Oireachtas Joint and Select Committees

Tuesday, 17 April 2018

Joint Oireachtas Committee on Education and Skills

Schools Building Programme Delays: Discussion

3:30 pm

Photo of Martin HeydonMartin Heydon (Kildare South, Fine Gael) | Oireachtas source

I thank the officials for coming in. I expect specific details about the schools present because the cases have been well flagged. Whatever other schools were raised, the schools that are here that have given up their day are entitled to some clear answers. I will start on communication. Do the witnesses accept that the communication for the planning and building unit and in general could be better? Have they plans to address that? As a politician, I spend much of my time on the phone, on my emails and asking parliamentary questions, as I am sure every member of this committee does. I think of the public meetings I have been at in Monasterevin where I, all the Oireachtas Members from Kildare South and seven or eight councillors are hauled in together and asked the same questions. We all go back and try to find the same answers. I imagine if the process was streamlined that it would take the frustration out of it for schools and improve communication and it would save the witnesses time too. Much time must be taken up in the Department answering our queries and questions. We get those queries and questions because the information is not being provided the school. We would all, as politicians, be happier if the schools had adequate information and were clearer and happier about that. It would solve some of those issues.

With regard to the role of principals, it is a simple fact that principals are here today fighting for a new school. Extra-curricular activity is happening in those schools right now. Earlier today, there was a normal timetable of classes in all of those schools. There was a full staff room at lunch time and break time. All of the normal activity is going on and the principal has lost another day fighting for a new school instead of being there to deal with those staff and the care of and ongoing engagement with the pupils. This has been the case for years with these schools for a litany of different reasons. The frustration is palpable and the frustration for us as politicians is equally high because it is so unfair to see what some schools have to go through. Others take it for granted that they get their new school in a really straightforward way, but for those who do not, it is hell on earth for all involved, from the staff, to parents, to pupils, to the principal, to the board of management. Nobody is free of that.

On St. Paul's secondary school in Monasterevin, which is in my constituency, will the witnesses clarify that the St. Paul's project has not in any way been delayed by last week's announcement? That was on social media over the weekend and it caused much concern and distress. I do not believe that is the case but I want clarification from officials that the project and the other school projects are on their own trajectory. I hope the witnesses will give reassurances here that the Department is doing everything to deliver that as soon as is humanly possible.

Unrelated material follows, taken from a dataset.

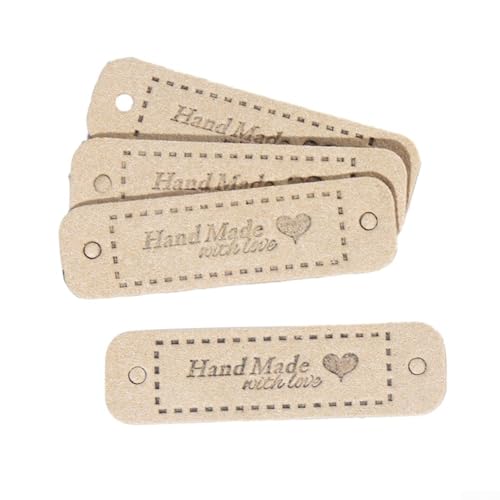 Handgefertigte Lederanhänger zum Nähen, Häkeln und Stricken, ideal für Bastelarbeiten, 20 Stück Handgefertigte Lederanhänger zum Nähen, Häkeln und Stricken, ideal für Bastelarbeiten, 20 Stück von Whychstore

I understand the different ways that sites are acquired. Is it the case that St. Paul's in Monasterevin was the first time that the Department engaged with Kildare County Council, with the council sourcing the site? If it was not the first, it was one of the first. If so, have lessons been learned from the experience? Something obviously went very wrong here. We are in 2018 and we are still only at stage 2b. What lessons have been learned from that? Can the witnesses give clarity about the status of the site now? Has it been purchased? Is there any concern on the part of the Department that there will be any further delays with the site?

In the most recent correspondence from the Department to the school, the profiling for the start of construction for St. Paul's in Monasterevin is down as quarter three of 2019. Days before the Department issued that, the design team for the school had set a trajectory, with all the ducks lined up, with no reason that the school could not start construction in quarter one of 2019. It might sound like a moot point but it certainly is not to the parents, staff and pupils in Monasterevin. Six months is an eternity. Mr. Loftus outlined in his initial presentation that delays can happen. I accept that delays can happen. They can happen at planning and at acquisition. Unfortunately for St. Paul's, it seems to have happened at every stage. I hope that the Department of Education and Skills is not factoring in extra time to allow for that. I hope that it is full steam ahead to deliver the school as soon as possible. If delays happen, we need clear communication as to why they have happened and what the problem is. Explain why we cannot start construction in quarter one of 2019. I do not want to see any sense that the Department is building in extra time. Will the witnesses explain why they think quarter three of 2019 is the earliest possible and is there any way we can claim back some of that time?